Un État inique et rentier

Il est malhonnête que l'État en quête de la diminution des prix au profit du pouvoir d'achat ait lui-même augmenté les coûts sur les ventes en ayant porté la TVA sur les médicaments à prescription facultative de 5,5 % à 10 % sous la présidence de François Hollande.

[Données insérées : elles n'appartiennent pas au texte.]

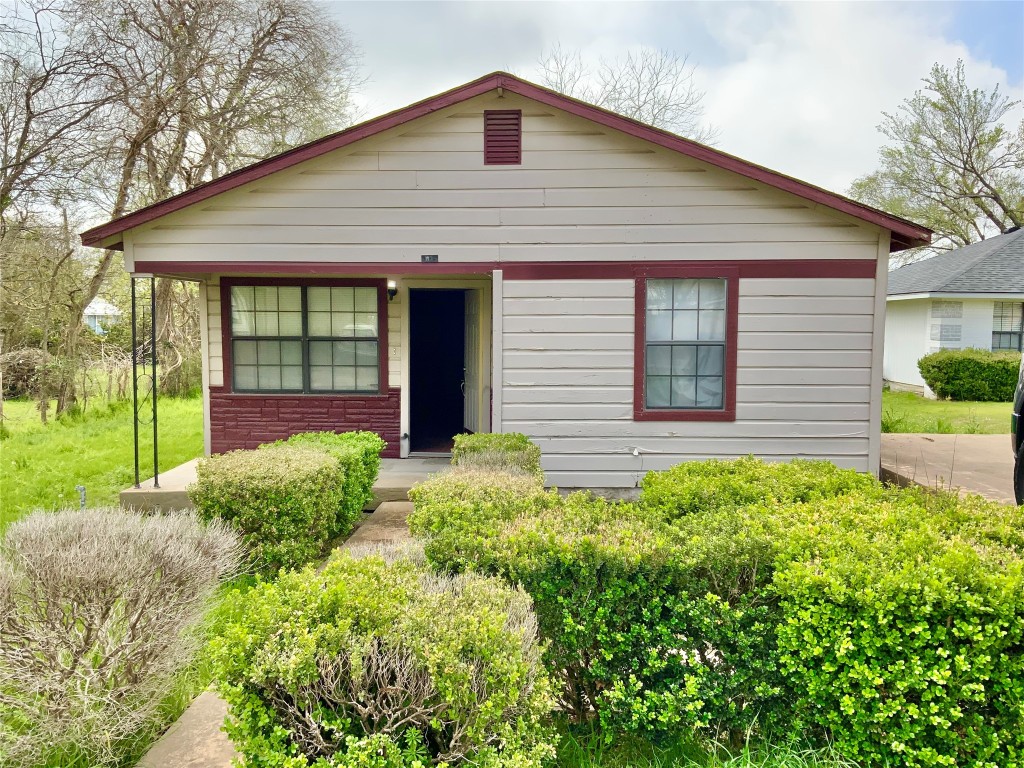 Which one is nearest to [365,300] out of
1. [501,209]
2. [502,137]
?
[501,209]

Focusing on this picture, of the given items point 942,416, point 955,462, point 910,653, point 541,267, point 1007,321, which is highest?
point 1007,321

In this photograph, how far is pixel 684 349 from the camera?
7.18 m

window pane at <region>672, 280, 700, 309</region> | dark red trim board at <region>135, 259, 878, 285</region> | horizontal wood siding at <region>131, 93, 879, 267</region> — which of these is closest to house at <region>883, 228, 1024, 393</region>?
dark red trim board at <region>135, 259, 878, 285</region>

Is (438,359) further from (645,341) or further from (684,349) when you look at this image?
(684,349)

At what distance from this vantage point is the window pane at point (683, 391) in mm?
7223

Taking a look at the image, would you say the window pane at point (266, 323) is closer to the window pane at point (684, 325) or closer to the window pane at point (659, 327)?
the window pane at point (659, 327)

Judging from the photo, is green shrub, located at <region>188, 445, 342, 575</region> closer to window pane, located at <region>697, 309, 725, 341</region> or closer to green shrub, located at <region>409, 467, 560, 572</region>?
green shrub, located at <region>409, 467, 560, 572</region>

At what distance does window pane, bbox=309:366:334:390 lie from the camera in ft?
27.9

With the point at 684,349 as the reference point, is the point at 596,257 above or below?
above

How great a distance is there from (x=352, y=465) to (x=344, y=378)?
109 inches

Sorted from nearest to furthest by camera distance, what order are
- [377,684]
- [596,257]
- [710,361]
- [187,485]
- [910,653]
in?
[377,684], [910,653], [187,485], [596,257], [710,361]

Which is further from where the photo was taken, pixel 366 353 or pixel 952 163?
pixel 952 163

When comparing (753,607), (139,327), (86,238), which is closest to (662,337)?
(753,607)

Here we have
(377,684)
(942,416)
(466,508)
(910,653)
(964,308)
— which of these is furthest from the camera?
(964,308) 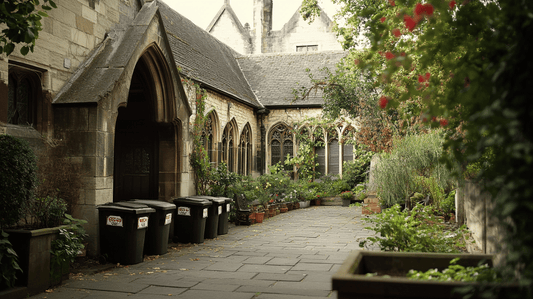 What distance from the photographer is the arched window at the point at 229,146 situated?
1684 cm

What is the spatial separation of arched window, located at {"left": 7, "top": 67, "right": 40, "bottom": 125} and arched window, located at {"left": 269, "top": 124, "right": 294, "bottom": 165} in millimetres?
14510

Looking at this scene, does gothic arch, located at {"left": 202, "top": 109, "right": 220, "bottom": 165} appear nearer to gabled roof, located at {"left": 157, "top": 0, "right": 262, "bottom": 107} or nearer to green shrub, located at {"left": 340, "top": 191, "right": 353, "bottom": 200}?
gabled roof, located at {"left": 157, "top": 0, "right": 262, "bottom": 107}

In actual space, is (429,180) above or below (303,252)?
above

Il est temps d'en finir avec la rente illégitime de l'État sur le besoin de s'héberger et sur la santé des citoyens qui le composent.
Ces dispositions mettraient fin à l'usure imposée par l'État lui-même, un état de surcroît obèse.

Pour le meilleur

Concernant des produits de première nécessité, ces diminutions de taxes seraient profitables aux personnes aux revenus les plus modestes.
Les "frais de notaires", qui constituent une part importante du coût global d'acquisition de son toit, ne sont généralement pas inclus dans l'emprunt accordé par les banques lors de l'achat de sa résidence principale. Quel frein levé !
Quelques dizaines de centimes d'euros économisés (sur l'achat d'un médicament) sont souvent décisifs pour des achats d'environ 5 € pour les plus modestes, bien que ce ne soit pas cela qui va donner le moindre coup de fouet à l'économie...

Les diminutions des coûts seraient significatives, précises et certaines.
En effet, les supermarchés Leclerc en Italie vendent le Nurofen plus cher que les pharmacies française et la baguette de pain vendue en grande surface aussi a augmentée de 156 % en 12 ans. De quoi douter de l'efficacité des grandes surfaces sur le pouvoir d'achat des citoyens.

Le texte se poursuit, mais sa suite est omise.